#### Work instructions:
Set down, exactly as they stand, the lines from the one containing "Blanding af racer Muzzie" through the last line of the records below, leaving every picture out.
-------------------------
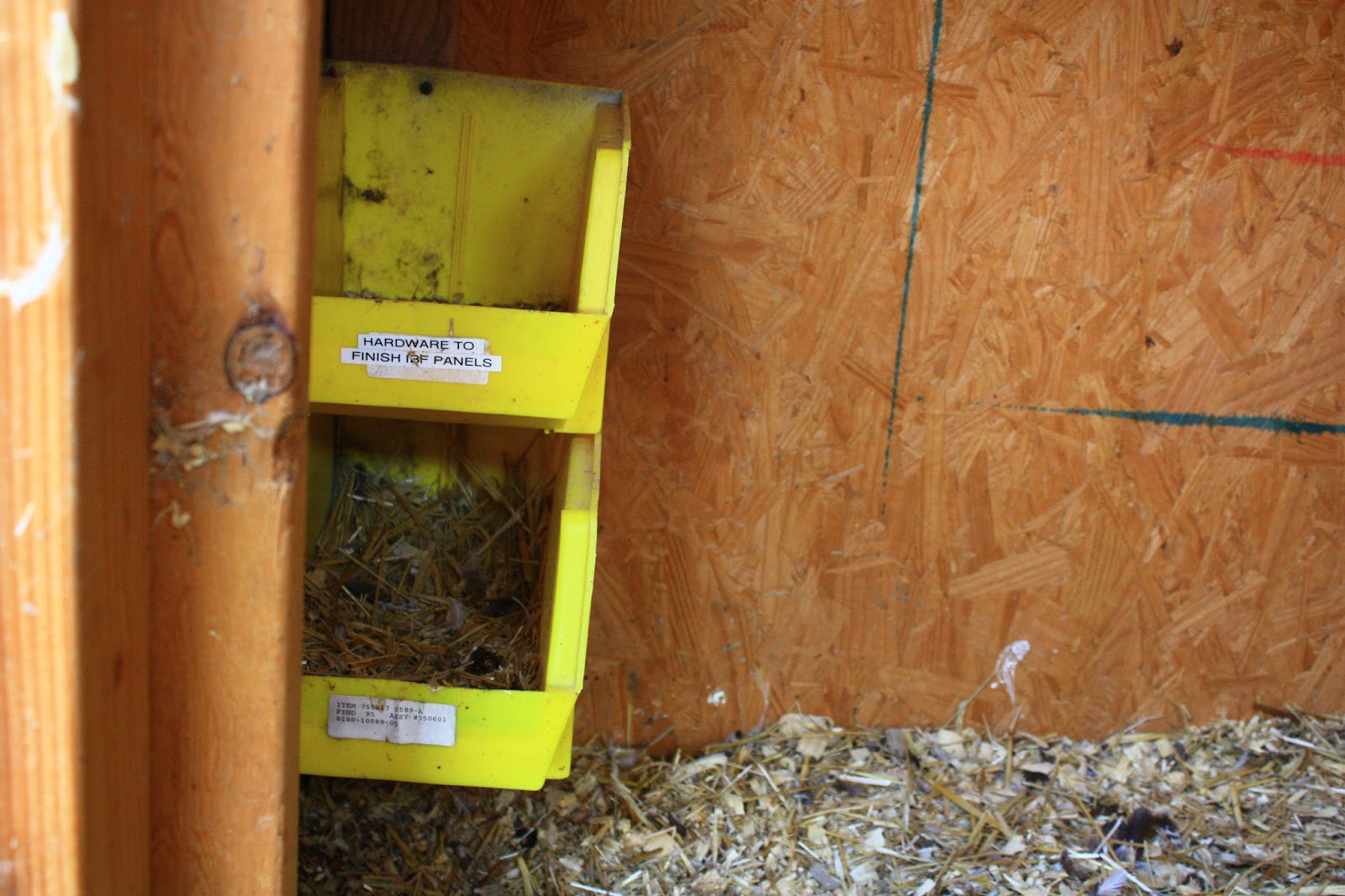 Cleaning the Chicken Coop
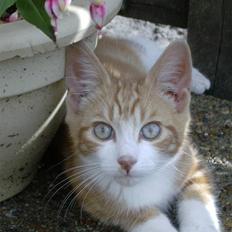 Blanding af racer Muzzie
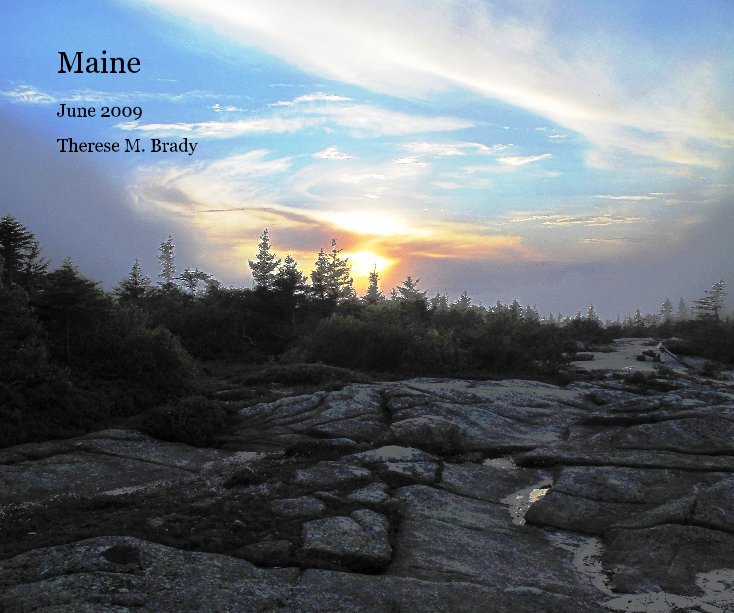 View Maine by Therese M. Brady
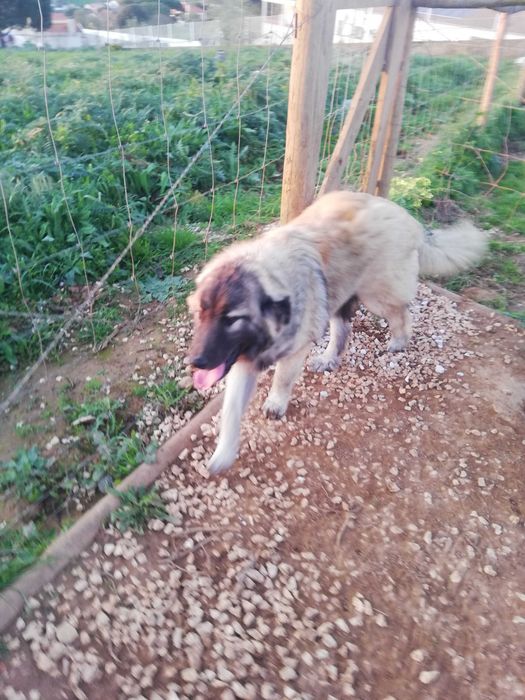 Cão serra da estrela, macho, 3 anos de idade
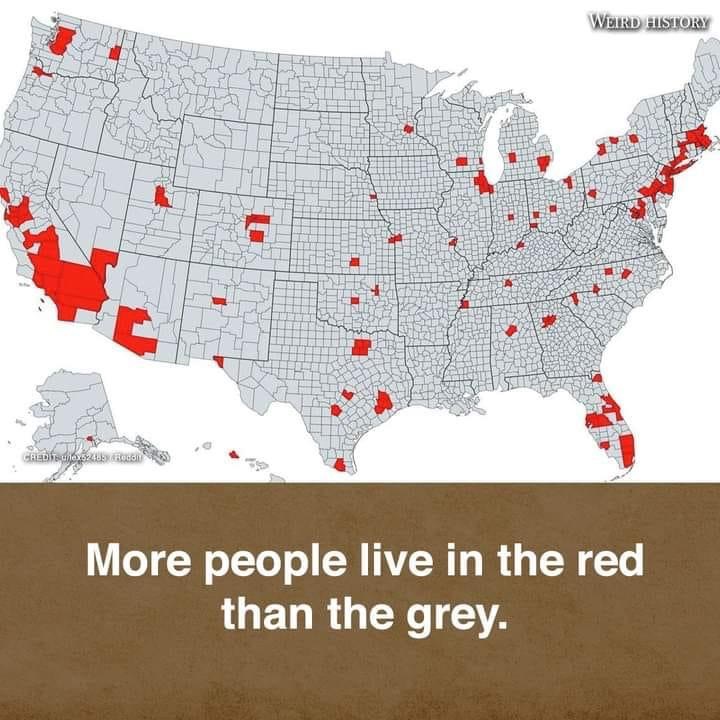 382CFD5F-9993-4D12-B5F0-E3E887C4B550.jpeg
-------------------------
#### Response to this task:
 Blanding af racer Muzzie
 View Maine by Therese M. Brady
 Cão serra da estrela, macho, 3 anos de idade
 382CFD5F-9993-4D12-B5F0-E3E887C4B550.jpeg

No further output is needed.